# INFORMATION SUPPLIED:

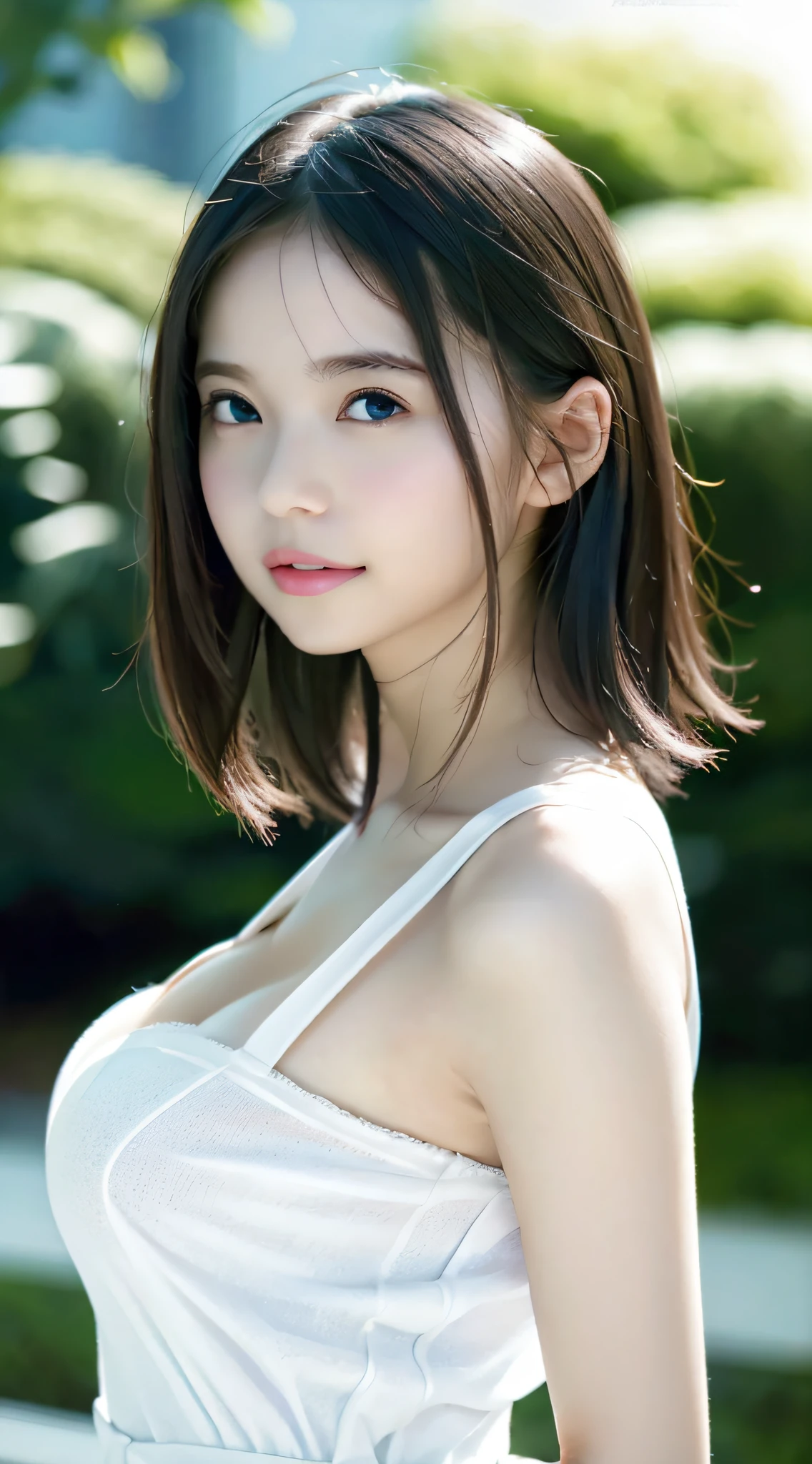 Top quality, white skin, real human skin, (detailed), oval face, pores, ultra high resolution, (8k, RAW photo, photorealistic: 1.4), 1 girl, slim, (who looks with calm and goddess-like eyes) happiness: 1.2), (lip gloss, eyelashes, gloss face, highest quality, ultra high resolution, wide lighting, natural shading), taken from the side, huge breasts, White camisole, full body, standing figure, body turned sideways and face turned forward, hands behind back, beautiful constriction, slender, short hair, smile, sagging eyes, double eyelids, Japan person, library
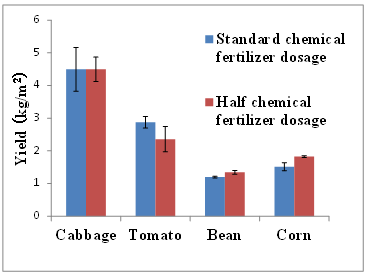 Fig. 2. Vegetable yields after chemical fertilizer application at standard and at half dosage rates in field experiments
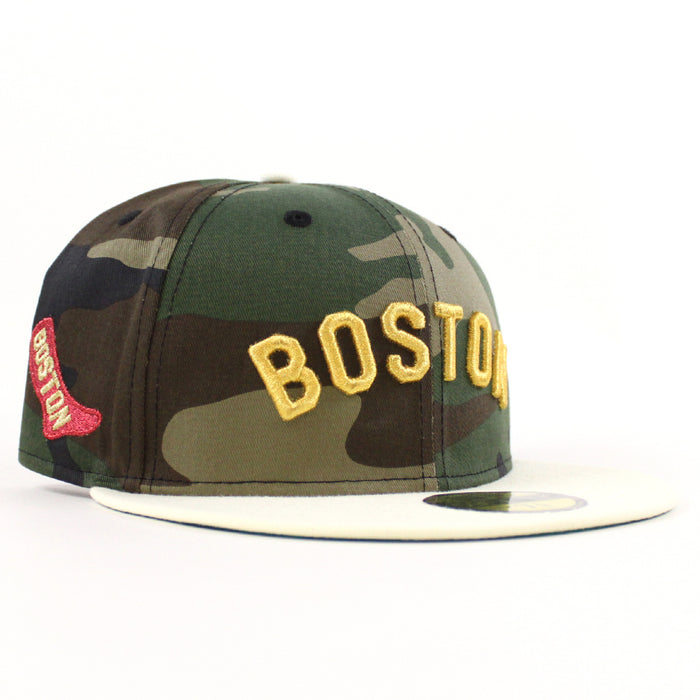 Boston Red Sox Red Sock Patch New Era 59Fifty Fitted Hat (Woodland Camo Chrome White Green Under Brim)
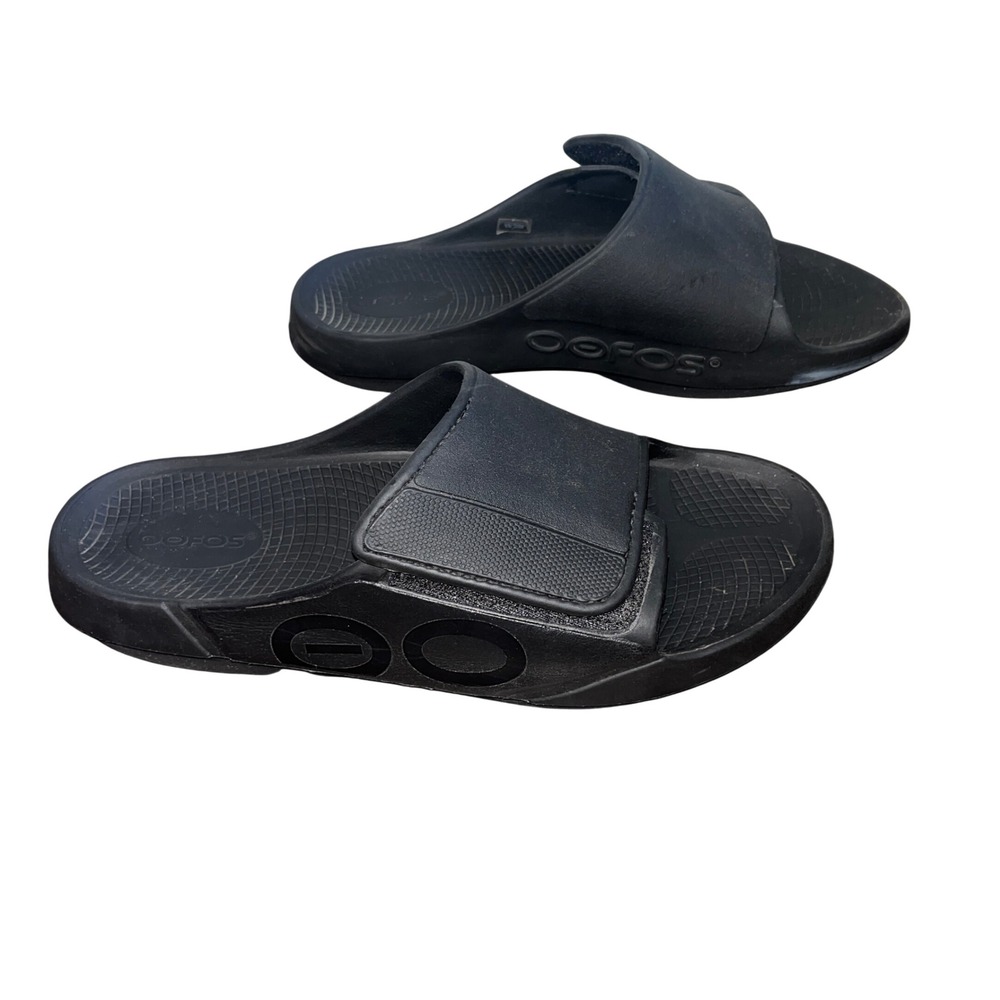 OOFOS OOahh Sport Flex Sandal Matte Black Recovery Slides M16 W18 EU‎ 49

# PROBLEM REQUIREMENTS:
Your reply should hold only the lines running from the one with "Fig. 2. Vegetable" to the end of the data above, set down exactly, pictures omitted.

# SOLUTION:
 Fig. 2. Vegetable yields after chemical fertilizer application at standard and at half dosage rates in field experiments
 Boston Red Sox Red Sock Patch New Era 59Fifty Fitted Hat (Woodland Camo Chrome White Green Under Brim)
 OOFOS OOahh Sport Flex Sandal Matte Black Recovery Slides M16 W18 EU‎ 49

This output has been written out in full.